The response from the plugin must conform to the following criteria:

  • For each charge in the data.charges array, the sum of the invoice item amounts across all installments must exactly equal the charge’s amount.

  • Installments must cover the coverage period with no gaps or overlaps. This means that the first installment’s start must be at the beginning of the coverage period, and each installment’s end timestamp must match the start timestamp of the next installment, except for the last installment, where the end timestamp should equal the coverage end.

  • The end timestamp of each installment must be greater than or equal to its start timestamp.

If plugin execution returns the following error:

Can not generate scheduled invoice while previous scheduled invoices have not been generated.

Check to ensure that every returned installment has at least one invoice item assigned to it. A “zero-due” invoice should still have at least one invoice item, which can be attributed to any charge and have amount 0. Zero-due invoice issuance can be suppressed for endorsements with the property.endorsement.zerodue.invoices.suppression.enabled flag, and for cancellations with the property.cancellation.zerodue.invoices.suppression.enabled flag.

Important

On cancellation invoicing, each new installment must have its startTimestamp and endTimestamp align with the start and end of a previously created installment.

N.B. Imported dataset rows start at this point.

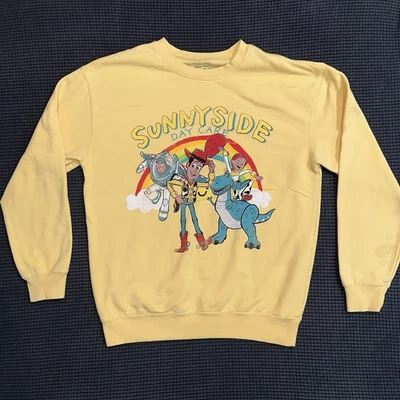 Disney Pixar Story Story Sunnyside Daycare Crewneck Sweatshirt Yellow Medium - Image 1 of 4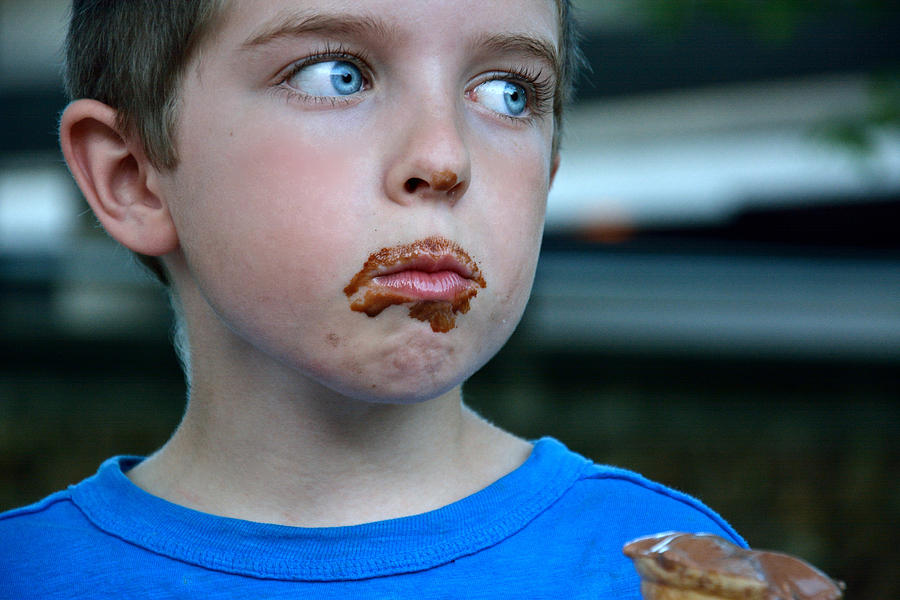 Boy with dirty chocolate face eating ice cream Photograph by Serena King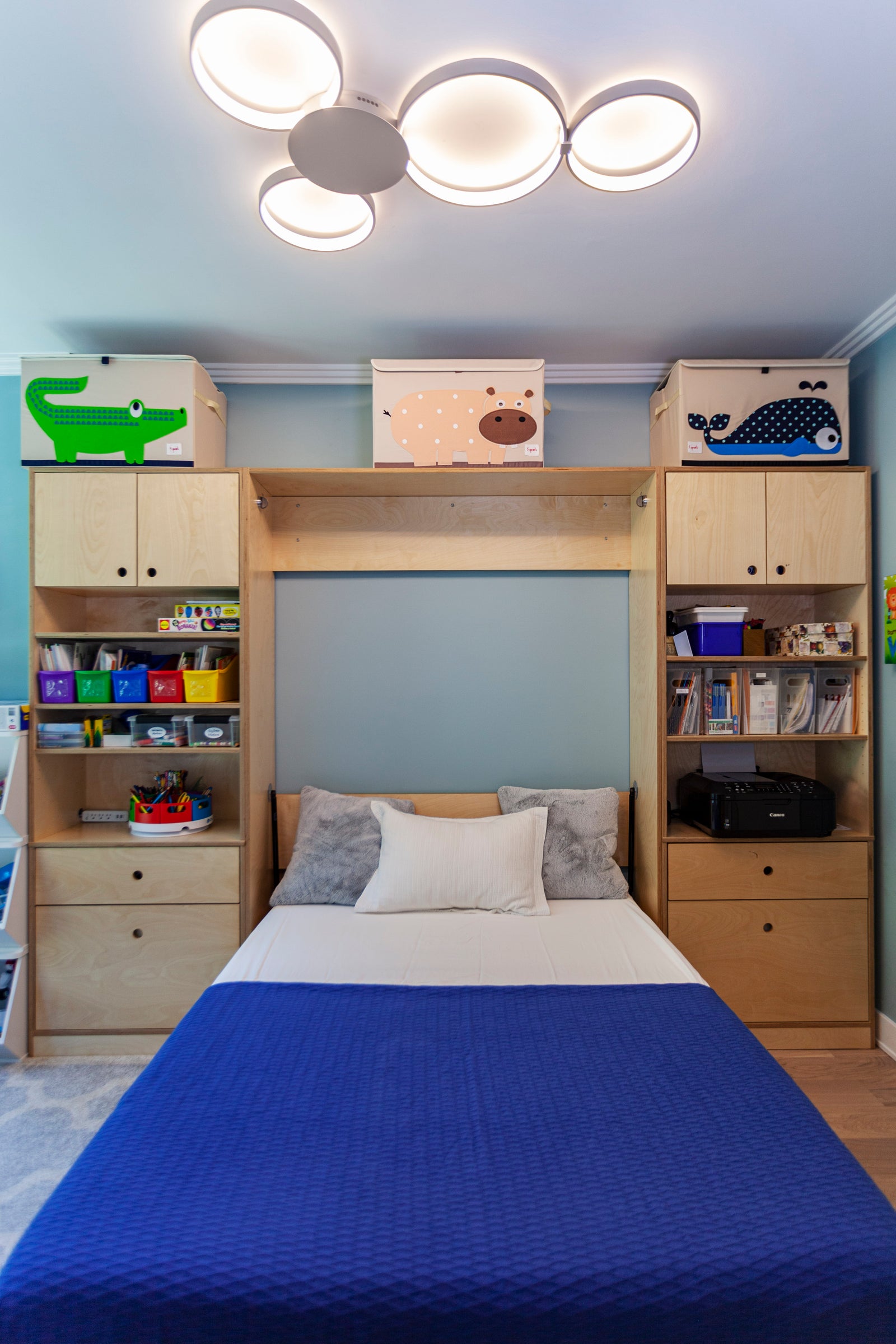 A tidy bedroom with a double bed, blue bedspread, built-in shelving, toy storage boxes, and a modern ceiling light fixture.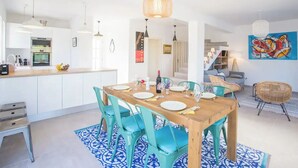 A modern kitchen with white cabinets, a wooden dining table, and teal chairs.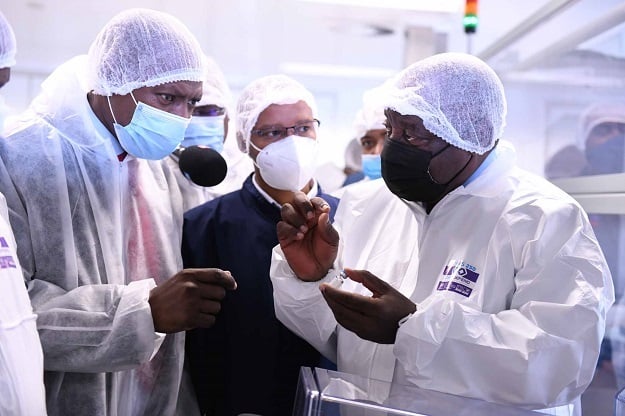 President Cyril Ramaphosa (right) pictured during a visit at Aspen's lab in March.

This is a known issue which will be fixed in an upcoming release.

Simple Example

This is the simplest possible implementation, which is a full-pay plan. It puts all the charges for each transaction on a single invoice:

function createInstallments(data)
{
  let invoiceItems = data.charges.map(ch => ({
    amount: parseFloat(ch.amount),
    chargeId: ch.chargeId
  }));

  return {
    installments: [{
    dueTimestamp: data.coverageStartTimestamp,
    issueTimestamp: data.coverageStartTimestamp,
    startTimestamp: data.coverageStartTimestamp,
    endTimestamp: data.coverageEndTimestamp,
    invoiceItems: invoiceItems,
    writeOff: false
  }]};
}

exports.createInstallments = createInstallments;

Reference Implementation

See the Socotra Plugin Reference Implementations for a standardized version of the payment schedule plugin that can be configured with a simple set of options.